# Sony e-reader



## Trish1 (Nov 30, 2010)

I bought a Sony e-reader about a year ago and downloaded books from Waterstones. Recently Waterstones have told me that they will no longer send e-books to an address outside the UK I challenged this but no joy.
WH Smith will send outside UK if you pay with a CC registered to an address in UK Has anyone else had a problem with this reader?


----------



## Alcalaina (Aug 6, 2010)

How absurd. Presumably this is because of different VAT rates? What about Amazon - or do they only supply e-books in Kindle-friendly format?


----------



## Stravinsky (Aug 12, 2007)

Well, it's the same if you have an amazon kindle. If you buy it from abroad, when they send it to you, you get registered on amazon.com, and thats the only place you get books from. So you get American spalling / american newspapers etc etc.

If you buy it in the UK registered to amazon UK and then start downloading from abroad, then they eventually suss out you are not in the UK and swap you to .com

Only way round it for you is possible a proxy server to cloak you


----------



## Bevdeforges (Nov 16, 2007)

The issue of e-readers and geographical restrictions on e-books is a major PITA at the moment. Both Waterstones and WH Smiths have discontinued sales to customers outside the UK and Ireland in recent months. This is believed to be related to the Big Five Agency Pricing agreement, whereby five of the largest English language publishers insist that electronic booksellers must support publisher established minimum prices.

Amazon has established a UK based Kindle store through their .co.uk website, however this, too, is limited to Kindles registered to accounts with UK or Irish delivery addresses. Everyone else has to purchase Kindle books through the US website - and they do impose geographical restrictions according to where your account is registered.

It is possible that there are VAT issues involved, as the EU has for some reason decided that e-books are not "publications" entitled to lower VAT rates, but rather "data files" subject to full VAT and that for e-books, the "point of sale" is not the location of the vendor, but rather that of the purchaser (i.e. the billing address for the credit card used for payment).

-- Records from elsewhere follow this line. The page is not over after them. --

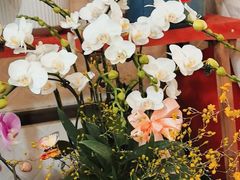 -龙大花卉苗木市场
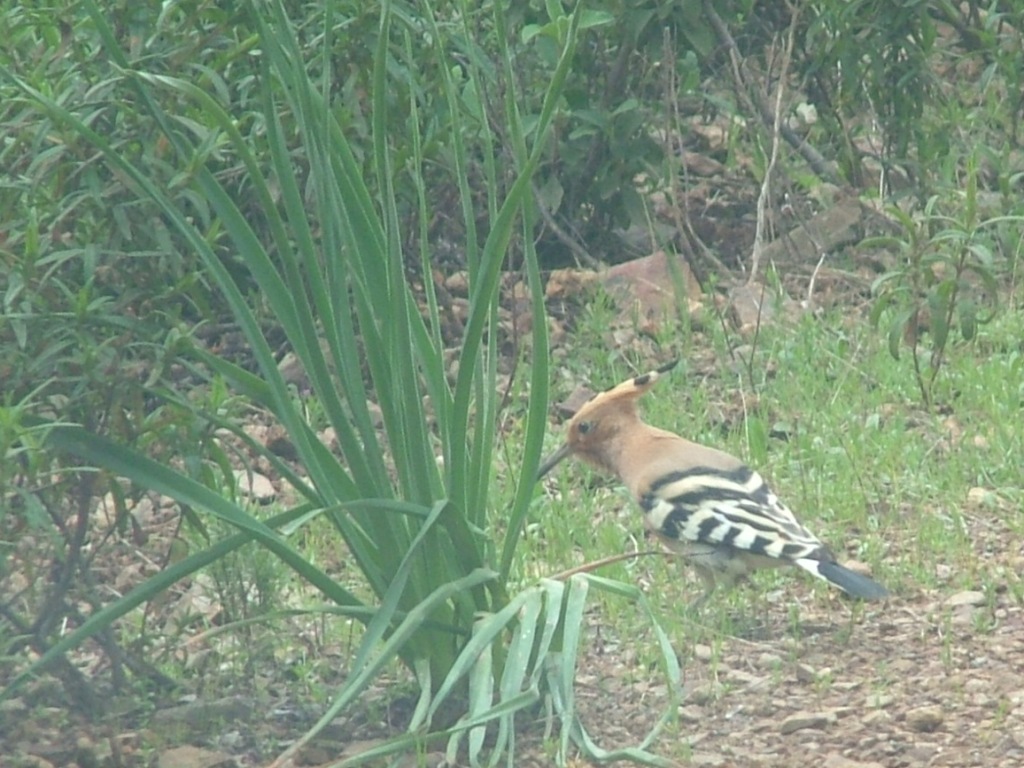 Avifauna humor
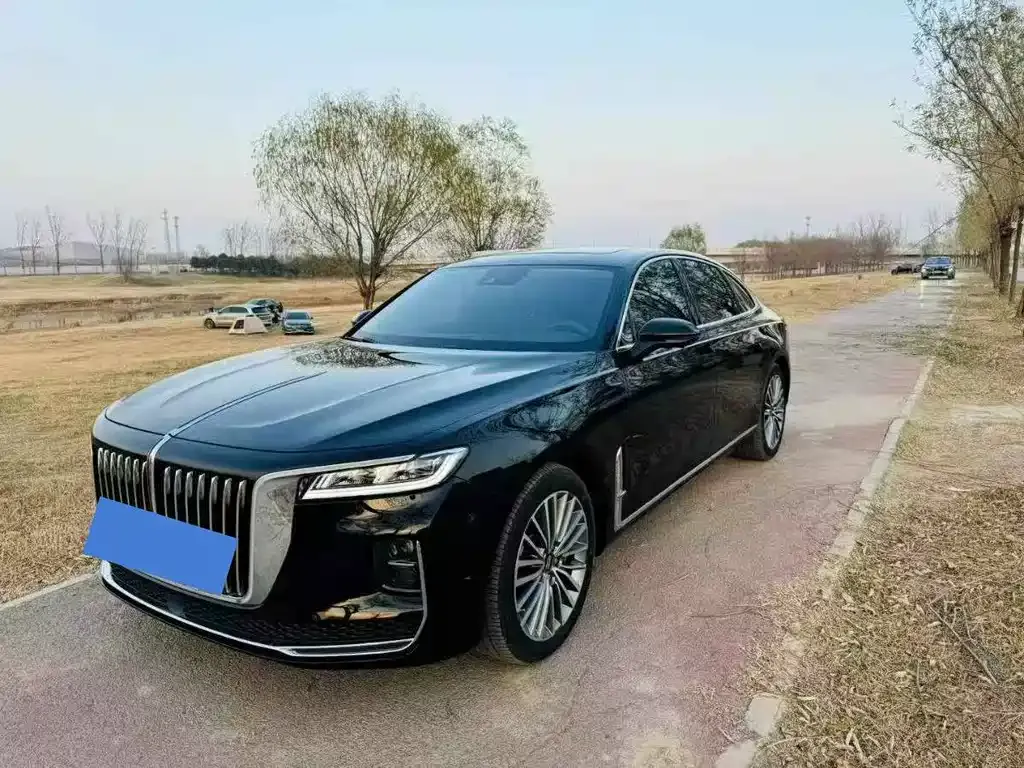Hongqi H9 2022 из CN, фото 4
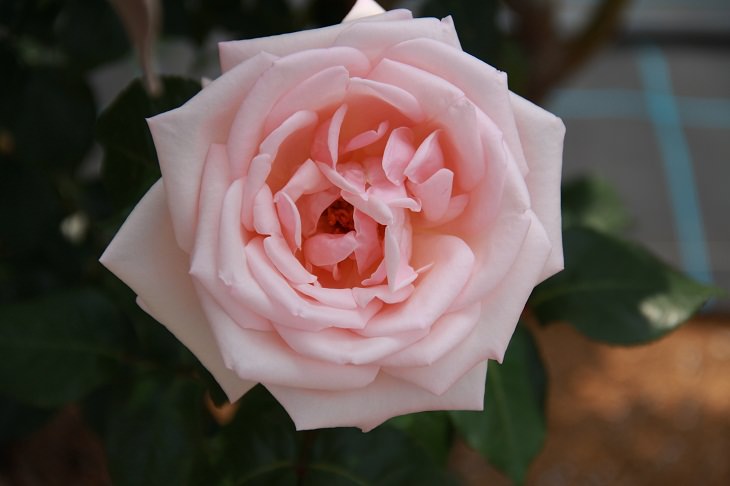 Delightfully fragrant roses for your garden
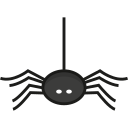 araña icon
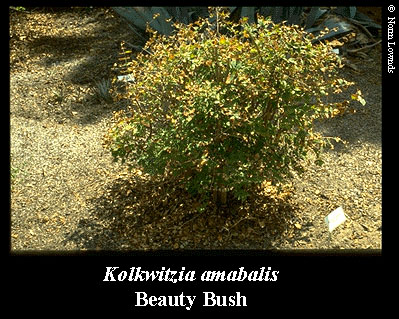 Image of Beauty Bush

If you have a Sony Reader, there are a few online bookshops that will sell to those of us located in Europe - mainly Kobobooks Free eBooks for iPhone, Blackberry or Palm Pre - Kobo , Books on Board Ebooks | BooksOnBoard | Online eBook Store, Downloadable Audio Books, Digital eBooks | Ebooks | BooksOnBoard and "independent" book vendors like Smashwords.
Cheers,
Bev


----------



## MacRov (Oct 26, 2010)

Can you not get someone to buy the e-books in the uk then stick them on a cd/dvd and post them ?


----------



## Alcalaina (Aug 6, 2010)

Stravinsky said:


> Well, it's the same if you have an amazon kindle. If you buy it from abroad, when they send it to you, you get registered on amazon.com, and thats the only place you get books from. So you get American spalling / american newspapers etc etc.
> 
> If you buy it in the UK registered to amazon UK and then start downloading from abroad, then they eventually suss out you are not in the UK and swap you to .com
> 
> Only way round it for you is possible a proxy server to cloak you


We´ve downloaded masses of excellent free and very cheap stuff for our Kindle, in various formats (I´m guessing the Sony reader only permits a proprietary format?)

Ours is registered in the US but that isn´t a problem, we wouldn´t use it for newspapers. OH (who knows about these things) reckons they can routinely check accounts using proxy server IPs and will disable your account if they find out.


----------



## Bevdeforges (Nov 16, 2007)

MacRov said:


> Can you not get someone to buy the e-books in the uk then stick them on a cd/dvd and post them ?


The way e-books work is that they are "registered" to a particular device so that you can't exchange files.
Cheers,
Bev


----------



## Bevdeforges (Nov 16, 2007)

Alcalaina said:


> We´ve downloaded masses of excellent free and very cheap stuff for our Kindle, in various formats (I´m guessing the Sony reader only permits a proprietary format?)
> 
> Ours is registered in the US but that isn´t a problem, we wouldn´t use it for newspapers. OH (who knows about these things) reckons they can routinely check accounts using proxy server IPs and will disable your account if they find out.


Actually, the open format for eReaders is ePub, which the Sony will read, while the Kindle won't. Still, the publishers use their own form of DRM (digital rights management) to "protect" their works.

There is a ton of reading material available for free in most of the popular formats on Project Gutenberg and similar sites, though it's all out of copyright material. You can download newspapers and magazines from their websites using an open software called Calibre, as well as manage your e-library.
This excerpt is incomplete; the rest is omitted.